Some north Queenslanders feel every inch of their distance from the state government in Brisbane: the notion of resources being extracted by a negligent, remote government has featured in northern politics for over a century.

Separatism was promoted by Palmer at the 2013 federal election and remains a Katter’s Australian Party policy.

Croc killing

That sense of remoteness also manifests itself in policies against crocodiles. Katter’s Australian Party and Bob Katter himself periodically make announcements about killing crocodiles.

Saltwater crocodile swimming in a river.
Anti-crocodile policies are common in north Queensland.
http://www.shutterstock.com

Last last month, NQ First sought to establish its northern credentials by announcing a “shoot to kill” policy.

This “croc culling” polling has a focus on “public safety”, according to Costigan.

If there is a crocodile on one of our beaches in a populated area, perhaps a tourist spot or in a swimming hole or where workers are at risk of being attacked, it’ll be shot by a licensed contractor whose job it will be to go in and deal with the problem as a matter of urgency.

Do Costigan’s crocodile proposals make sense?
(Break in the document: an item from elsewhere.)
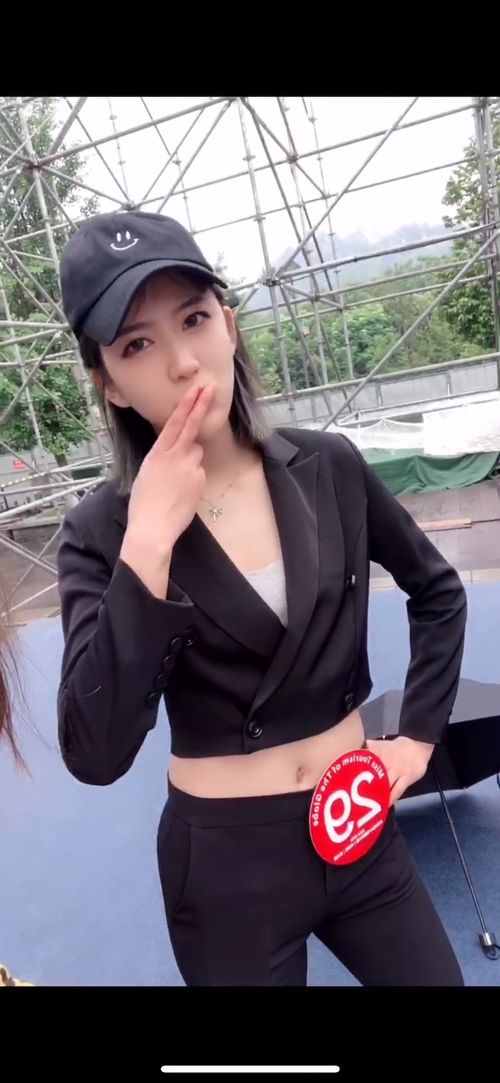 素人女生紧张彩排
Costigan’s policy was triggered by a September 23 crocodile attack on a snorkeler off Lizard Island.

By the time Costigan released his policy, that crocodile had already been euthanised by government wildlife officers. The current Queensland government crocodile management plan allows for the removal of crocodiles located near centres of population or that attack humans. So, further legislation, as proposed by Costigan, would not speed up that process.

In fact, NQ First’s enthusiasm for killing more large crocodiles might be counterproductive and increase the number of crocodile attacks.

Crocodiles are territorial and when large crocodiles are removed, other crocodiles move in. When the crocodile hierarchy is disturbed, it increases the risks to humans and livestock.

Why do politicians want to kill crocodiles?

Northern Australia is crocodile country, and saltwater crocodiles are capable of killing and eating humans. Australian crocodiles have been fully protected from hunting since 1974 and populations have recovered from heavy hunting after the second world war.

But living with crocodiles can be frightening. Costigan’s press release described crocodiles as “maneaters” and “monsters”, playing on primal human fears.




Read more:
Queensland’s unpredictable election begins. Expect a close campaign focused on 3 questions


Politicians talking tough about crocodiles are speaking to residents of northern Australia’s suburban frontier, which is pressing into crocodile habitat as urban areas expand. Crocodile sightings and attacks are increasing as more humans spend time in regions where crocodiles have always lived.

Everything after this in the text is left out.